Andy Wieske, der das Xenon 1995 übernommen hat und selbst Filme von David Lynch, John Cassavetes und John Waters liebt, macht überwiegend ein schwul-lesbisches Programm. Er zeigt Spielfilme zu Fragen sexueller Identität, jugendlicher Initiation und Coming-out. Zum Beispiel den großartigen autobiografischen Dokumentarfilm „Tarnation“ von Jonathan Caouette. Auch Klassiker der Filmkunst wie Pasolinis „120 Tage von Sodom“ werden gezeigt. „Die Filme müssen nicht nur eine schwul-lesbische Thematik haben, sondern mich auch qualitativ überzeugen“, erklärt Andy seine Auswahl. Die wunderbar erzählte Familiengeschichte „C.R.A.Z.Y.“ von Jean-Marc Vallée aus Kanada, die in Deutschland nur mit wenigen Kopien startete, war im Xenon für Wochen zu sehen.

Die ganze Woche Kinotag

Ein vergleichbares Programm bietet in Berlin lediglich die „Mongay“-Reihe im Kino International, bei der fast ausschließlich Previews gezeigt werden. Im Xenon laufen die Filme jedoch nicht nur montags, sondern die ganze Woche über. „Wir haben auch mal eine Pornoreihe in Zusammenarbeit mit dem Schwulen Museum gezeigt“, sagt Andy Wieske. „Aber wir sind kein Pornokino – das machen genug andere.“

Das Xenon ist im Kiez gut integriert – auch wenn ab und an Jugendliche im Vorbeigehen schwulenfeindliche Bemerkungen machen. Zu der benachbarten türkischen Teestube aber ist das Verhältnis freundlich – die Männer nehmen auch schon mal Pakete fürs Kino entgegen.
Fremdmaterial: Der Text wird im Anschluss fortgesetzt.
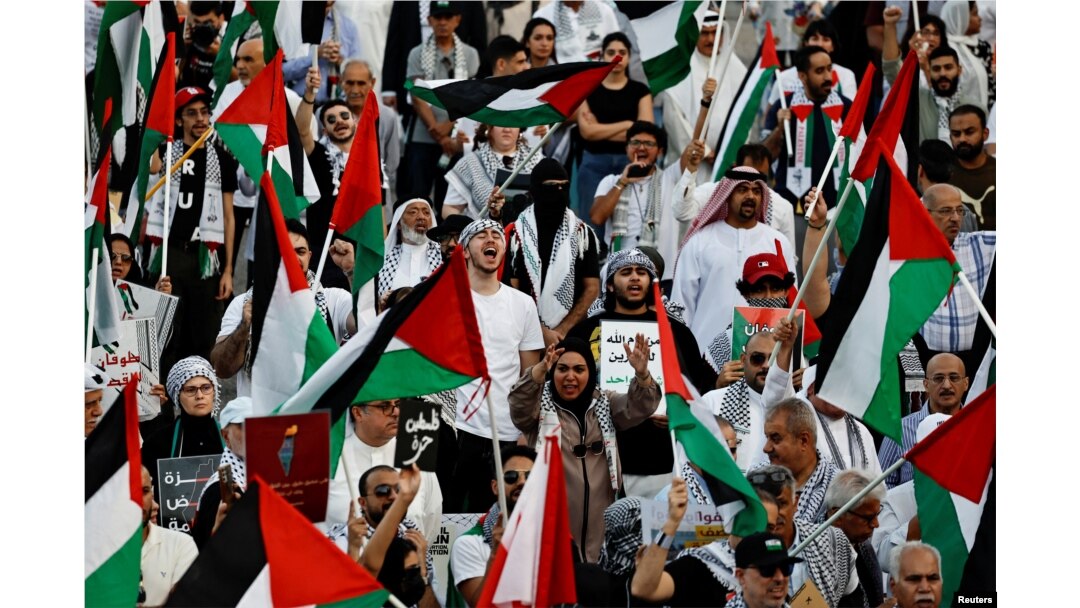 بحرین میں ہونے والے احتجاج میں لوگوں نے فلسطینی پرچم تھامے ہوئے ہیں۔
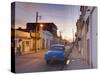 Street Scene at Twilight with Classic Blue American Car, Cienfuegos-Lee Frost-Stretched Canvas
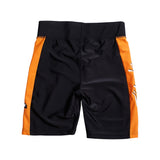 Back of black shorts with orange paneling on both legs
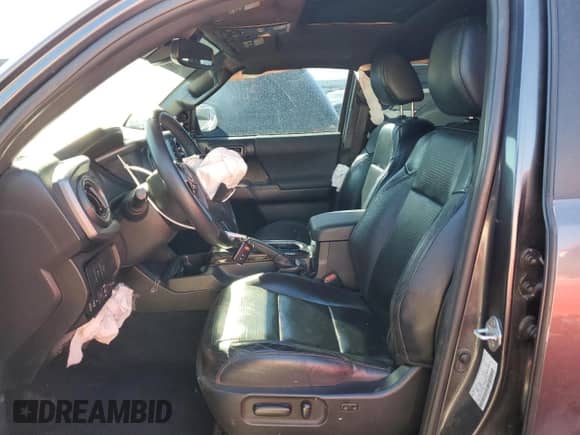 2021 Toyota Tacoma TRD Off Road with VIN 3TMCZ5AN4MM424715, listed as a Copart auction lot 86407685 with 55,946 mi miles and Salvage title. Bid and sale history available at DreamBid. Image 7.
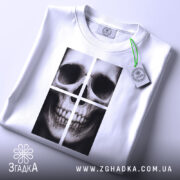 Футболка череп модний принт, біла, складена на поверхні, фон світло-сірий, принт зображає череп у чотирьох квадратах, на футболці є етикетка з зеленим шнурком.
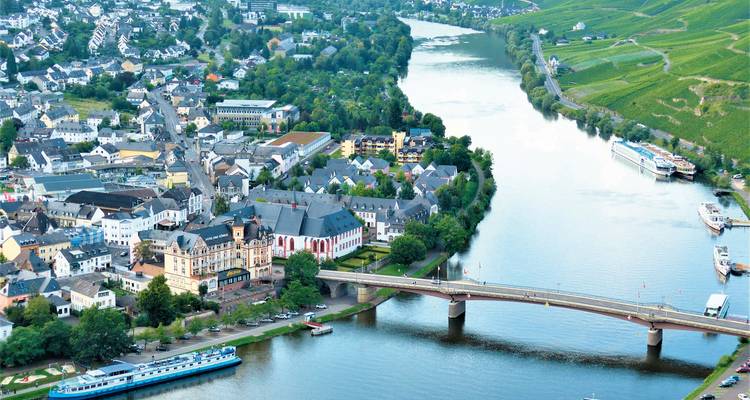 Luchtfoto van een schilderachtig stadje aan de rivier en groene velden.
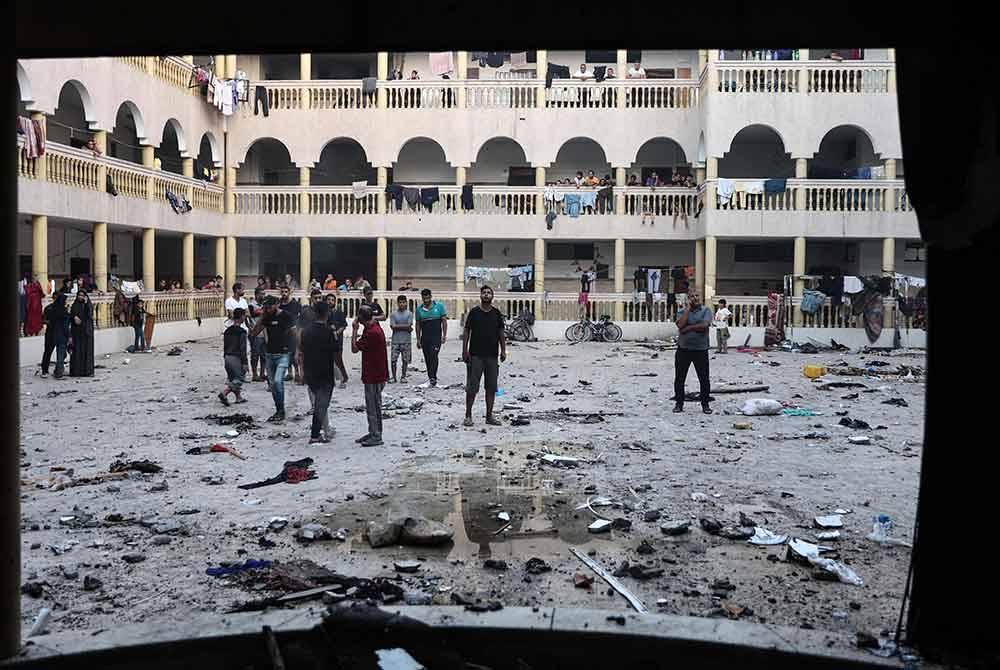 Warga Palestin berkumpul di kawasan sekolah selepas dibom tentera Israel pada Sabtu. Foto AFP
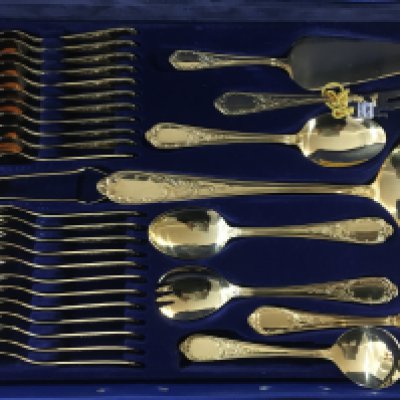 Golden cutlery including large spoons, tablespoons, teaspoons, forks, knives and other cutlery items. Chromstahl cutlery set including 23K gold plate cutlery. Nearly all of the utensils are there and made in Germany.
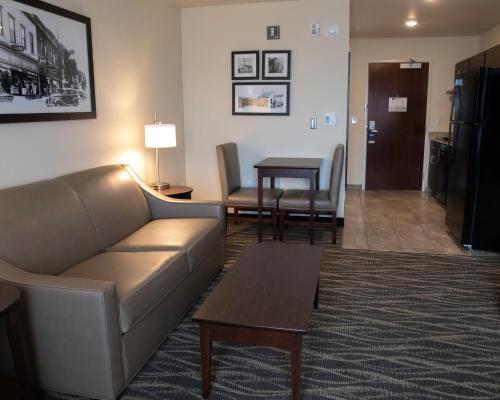 a living room with a couch and a table at Cobblestone Hotel & Suites - Two Rivers in Two Rivers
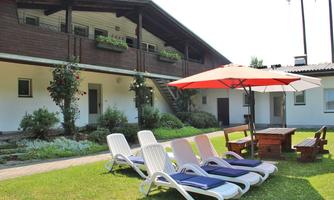 An inviting outdoor area with loungers and a sun umbrella. In the background, there is a building with a garden and lush greenery.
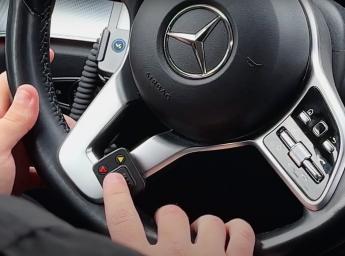 Taxichaufför trycker på en push to talk-knapp i bilen.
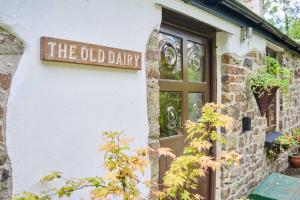 un panneau pour l'ancienne laiterie sur le côté d'un bâtiment dans l'établissement Host & Stay - Dipple Farm Cottage, à Woolfardisworthy 13 autres photos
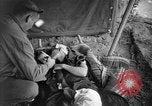 Image of Civilians in Okinawa field hospital Okinawa Ryukyu Islands, 1945, second 62 stock footage video 65675051482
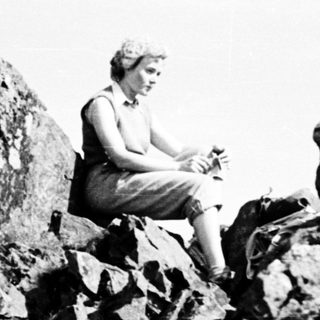 Person sitting on rugged rocky summit.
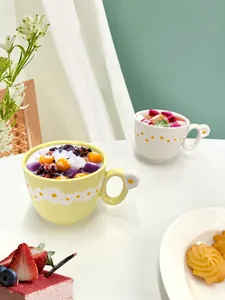 Detail of embossed daisy ceramic mug with flower handle for coffee or breakfast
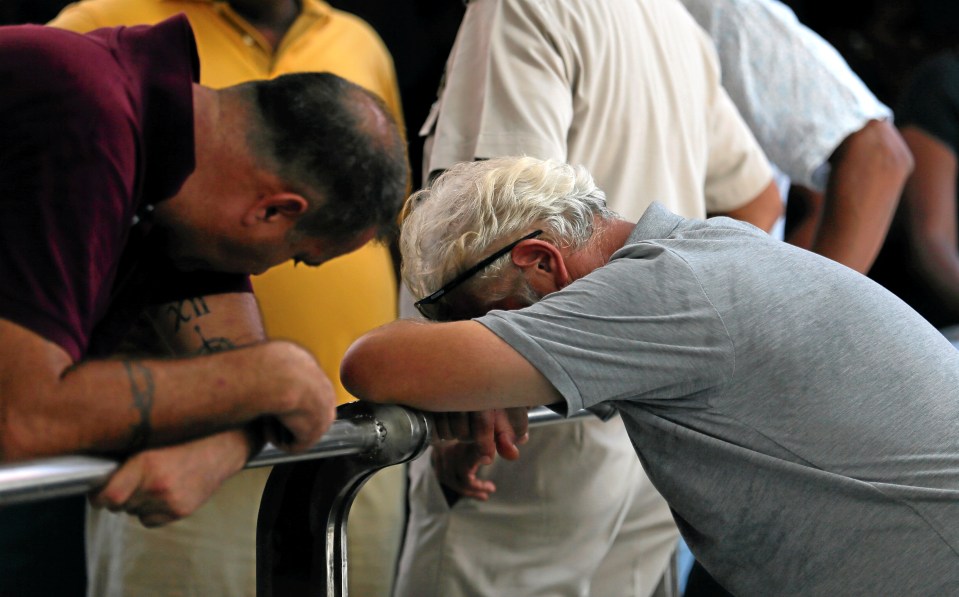 Witnesses bow their heads as they take in the devastation in Colombo this morning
Als Andy Wieske 1984 aus Hamburg kam, um an der HdK Werbegrafik zu studieren, zog er in den Wedding und lernte dort die Leute vom Sputnik-Kino kennen. Er wurde Teil ihres Teams, das später auch noch das Sputnik 2 am Südstern sowie das Freiluftkino Hasenheide betrieb. Auf der Webseite des Xenon wird mit Trauer an das erste Sputnik-Kino im Wedding erinnert. Es wurde kürzlich im Auftrag der Schering AG abgerissen.

Ein Ort mit Geschichte

Wo heute das Xenon ist, sollen bereits 1909 Filme vorgeführt worden sein. Das würde es zu einem der ältesten Kinos Berlins machen – wobei Kinos damals noch als „Effekt-Theater“ und „vornehmes Institut für belehrende Unterhaltung“ beworben wurden. Sicher ist, dass Herbert und Anna Reiß das Kino 1932 für 15.000 Mark erwarben und es unter dem Namen Colonna bis 1974 betrieben. Karl Winter vom Verleih der Freunde der deutschen Kinemathek hatte das Kino direkt von dem Ehepaar Reiß übernommen und bis zur Übernahme durch Bernhard Rudolfs Bruder 1978 betrieben.
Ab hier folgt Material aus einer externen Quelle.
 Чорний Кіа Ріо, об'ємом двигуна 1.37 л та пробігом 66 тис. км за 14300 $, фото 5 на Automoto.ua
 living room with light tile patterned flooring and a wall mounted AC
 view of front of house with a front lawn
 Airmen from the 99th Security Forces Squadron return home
Die Fußballweltmeisterschaft und die Hitze in diesem Sommer hatten in der Kinobranche einen enormen Besuchereinbruch zur Folge. Zwar hatte auch das Xenon darunter zu leiden, Andy Wieske ist aber optimistisch: „Der Tiefpunkt war letztes Jahr, seitdem kommen wieder mehr Leute“, meint er. Tatsächlich stößt der inhaltliche Fokus nicht nur bei einem schwulen und lesbischen Publikum auf wachsendes Interesse, auch Multiplex-Müde kommen gerne in sein Kino.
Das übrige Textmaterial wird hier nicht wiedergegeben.